The Raspberry Pi Foundation’s tiny computers can be used for anything from homemade cameras to cucumber sorters, and now, the group is branching out into microcontrollers and custom silicon. The Raspberry Pi Pico is the first step. It’s a new $4 microcontroller that’s smaller than the average Pi, features a custom chip powerful enough to be used in machine learning projects (according to The Raspberry Pi Foundation), and is on sale now.
In its introductory blog post, the company explains that today’s Raspberry Pis are already often used alongside a smaller microcontroller:
The Raspberry Pi takes care of heavyweight computation, network access, and storage, while the microcontroller handles analogue input and low-latency I/O and, sometimes, provides a very low-power standby mode.
Now, the company has one of its own.
In a first for the microcomputer maker, the Pico is powered by a custom chip designed in house called the RP2040. The Pico board features the new chip, 2MB of flash memory, a clickable button, and a Micro USB Type B port.
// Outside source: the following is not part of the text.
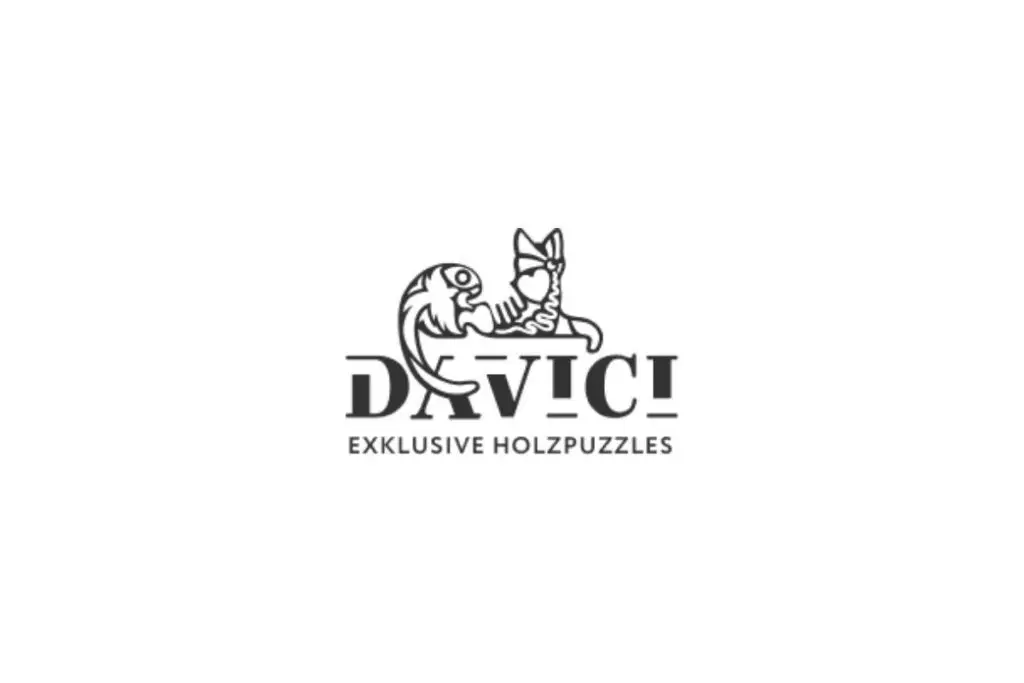Davici Logo exklusive Holzpuzzles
Here are the RP2040’s full specs:
Dual-core Arm Cortex-M0+ @ 133MHz
264KB (remember kilobytes?) of on-chip RAM
Support for up to 16MB of off-chip Flash memory via dedicated QSPI bus
DMA controller
Interpolator and integer divider peripherals
30 GPIO pins, 4 of which can be used as analogue inputs
2 × UARTs, 2 × SPI controllers, and 2 × I2C controllers
16 × PWM channels
1 × USB 1.1 controller and PHY, with host and device support
8 × Raspberry Pi Programmable I/O (PIO) state machines
USB mass-storage boot mode with UF2 support, for drag-and-drop programming
Those specs might go in one ear and out the other, but the best way to illustrate the potential for a new Raspberry Pi product is to see it used in something cool. The Raspberry Pi Foundation is partnering with companies like Arduino, Adafruit, and Pimoroni to integrate the new RP2040 chip into other boards and gadgets. There’s a whole list in the blog post announcing the Pico, but a few notable ones are Pimoroni’s PicoSystem game console, Adafruit’s Feather RP 2040 board, and the Arduino Nano RP2040 Connect.
The Raspberry Pi Pico is available now from approved resellers for $4. The microcontroller will also be given away for free in February issues of HackSpace magazine.